-- Supplied data --
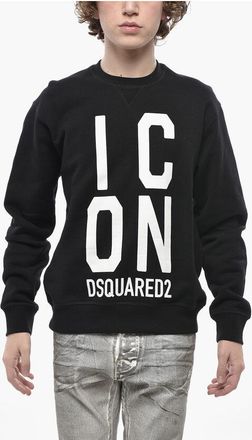 Dsquared2 ICON Cotton Fleece Crewneck Sweatshirt COOL FIT with Contras size Xs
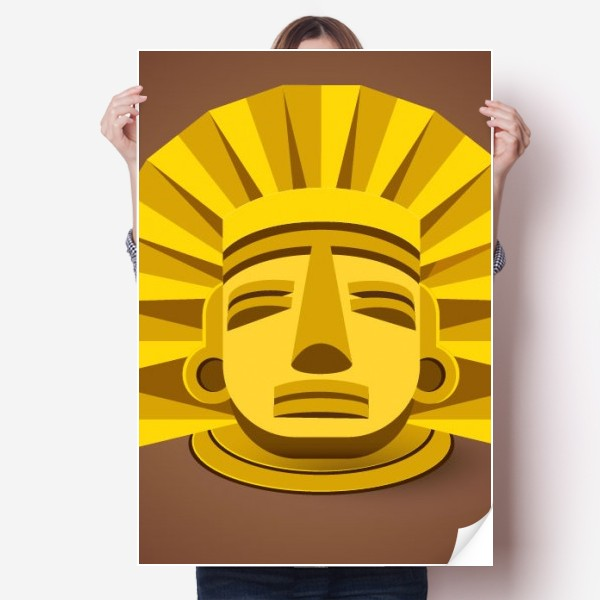 古埃及法老黄金艺术图案海报贴纸80x55cm墙贴纸卧室家居装饰
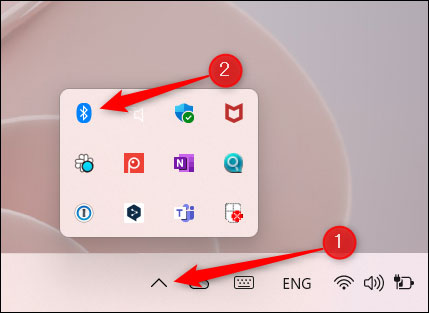 Click on the Bluetooth icon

-- How to complete this task --
Without the pictures, transcribe the listing above exactly.

-- Answer area --
 Dsquared2 ICON Cotton Fleece Crewneck Sweatshirt COOL FIT with Contras size Xs
 古埃及法老黄金艺术图案海报贴纸80x55cm墙贴纸卧室家居装饰
 Click on the Bluetooth icon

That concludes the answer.